GravitinoClient gravitinoClient = GravitinoClient
    .builder("http://localhost:8090")
    .withMetalake("metalake")
    .build();

Catalog catalog = gravitinoClient.loadCatalog("catalog");
FilesetCatalog filesetCatalog = catalog.asFilesetCatalog();

Map<String, String> propertiesMap = ImmutableMap.<String, String>builder()
        .put("k1", "v1")
        .build();

filesetCatalog.createFileset(
  NameIdentifier.of("schema", "example_fileset"),
  "This is an example fileset",
  Fileset.Type.MANAGED,
  "file:///tmp/root/schema/example_fileset",
  propertiesMap,
);

gravitino_client: GravitinoClient = GravitinoClient(uri="http://localhost:8090", metalake_name="metalake")

catalog: Catalog = gravitino_client.load_catalog(name="catalog")
catalog.as_fileset_catalog().create_fileset(ident=NameIdentifier.of("schema", "example_fileset"),
                                            type=Fileset.Type.MANAGED,
                                            comment="This is an example fileset",
                                            storage_location="/tmp/root/schema/example_fileset",
                                            properties={"k1": "v1"})

Currently, Gravitino supports two types of filesets:

MANAGED: The storage location of the fileset is managed by Gravitino when specified as MANAGED, the physical location of the fileset will be deleted when this fileset is dropped.
EXTERNAL: The storage location of the fileset is not managed by Gravitino, when specified as EXTERNAL, the files of the fileset will not be deleted when the fileset is dropped.

storageLocation

The storageLocation is the physical location of the fileset.
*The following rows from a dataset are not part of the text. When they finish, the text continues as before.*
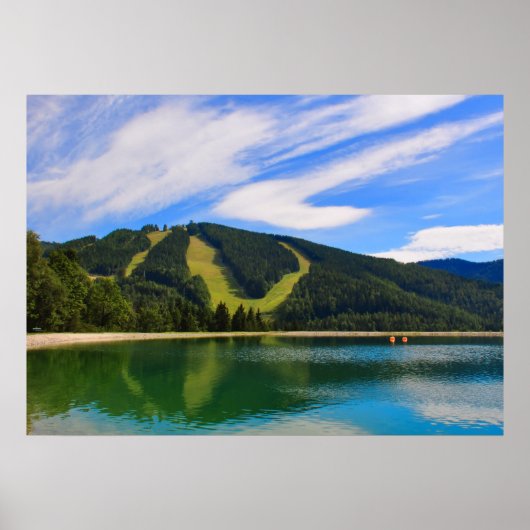 Hirschenkogel im Sommer - Spiegelungen des Wassers Poster (Vorne)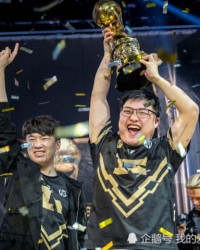  电竞选手日常训练，汗水铸就辉煌战绩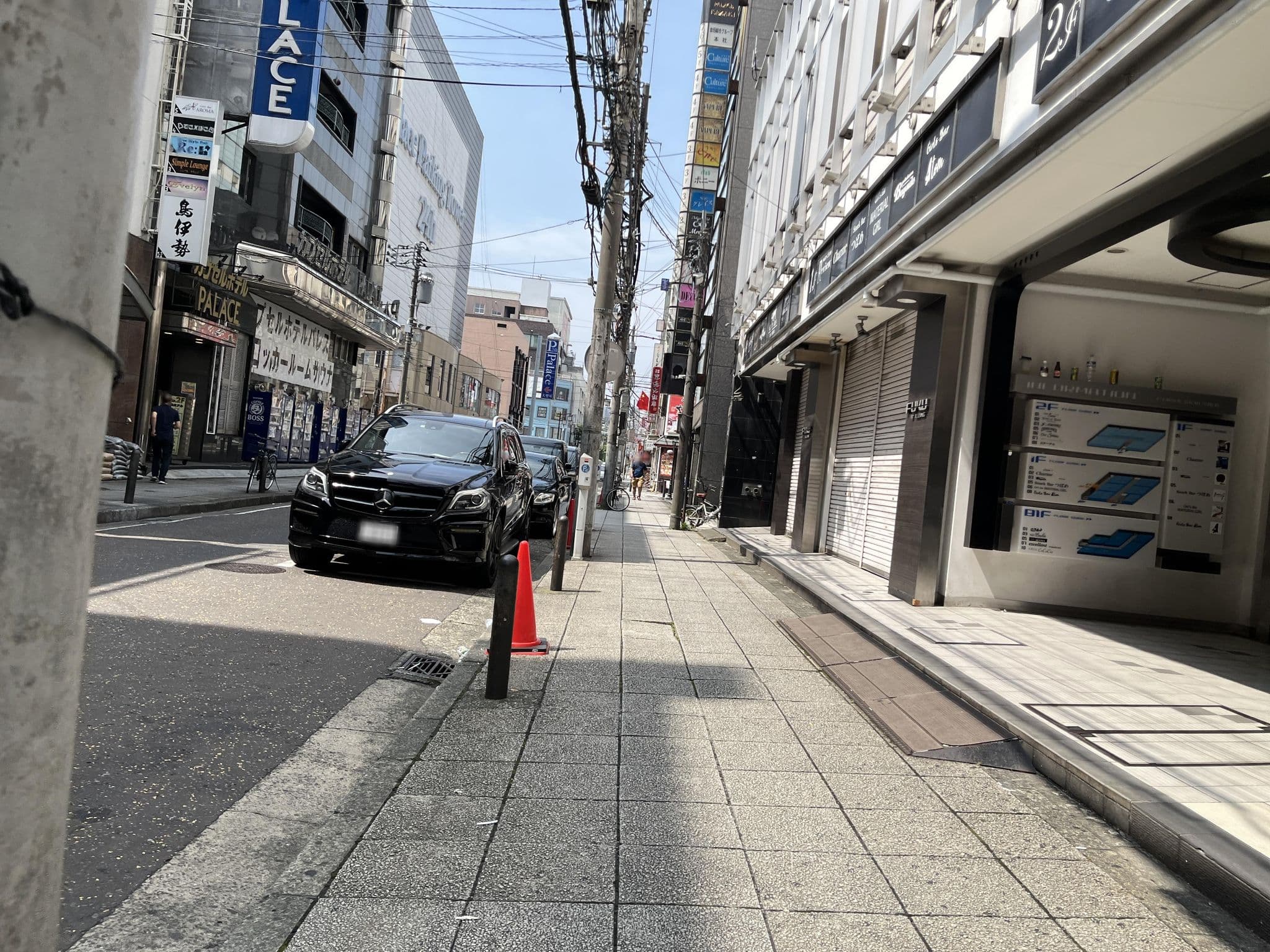 Street view near Kapsel Hotel Palace, Minatomirai — © mura (CC BY-SA · Mapillary)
Users can specify this location when creating a fileset, or follow the rules of the catalog/schema location if not specified.

The value of storageLocation depends on the configuration settings of the catalog:

If this is a local fileset catalog, the storageLocation should be in the format of file:///path/to/fileset.
If this is a HDFS fileset catalog, the storageLocation should be in the format of hdfs://namenode:port/path/to/fileset.

For a MANAGED fileset, the storage location is:

The one specified by the user during the fileset creation.
When the catalog property location is specified but the schema property location isn't specified, the storage location is catalog location/schema name/fileset name.
When the catalog property location isn't specified but the schema property location is specified, the storage location is schema location/fileset name.
When both the catalog property location and the schema property location are specified, the storage location is schema location/fileset name.
When both the catalog property location and schema property location isn't specified, the user should specify the storageLocation in the fileset creation.

For EXTERNAL fileset, users should specify storageLocation during the fileset creation, otherwise, Gravitino will throw an exception.

Alter a fileset

You can modify a fileset by sending a PUT request to the /api/metalakes/{metalake_name} /catalogs/{catalog_name}/schemas/{schema_name}/filesets/{fileset_name} endpoint or just use the Gravitino Java client. The following is an example of modifying a fileset:

curl -X PUT -H "Accept: application/vnd.gravitino.v1+json" \
-H "Content-Type: application/json" -d '{
  "updates": [
    {
      "@type": "removeProperty",
      "property": "key2"
    }, {
      "@type": "setProperty",
      "property": "key3",
      "value": "value3"
    }
  ]
}' http://localhost:8090/api/metalakes/metalake/catalogs/catalog/schemas/schema/filesets/fileset

// ...
// Assuming you have just created a Fileset catalog named `catalog`
Catalog catalog = gravitinoClient.loadCatalog("catalog");

FilesetCatalog filesetCatalog = catalog.asFilesetCatalog();

Fileset f = filesetCatalog.alterFileset(NameIdentifier.of("schema", "fileset"),
    FilesetChange.rename("fileset_renamed"), FilesetChange.updateComment("xxx"));
// ...

gravitino_client: GravitinoClient = GravitinoClient(uri="http://localhost:8090", metalake_name="metalake")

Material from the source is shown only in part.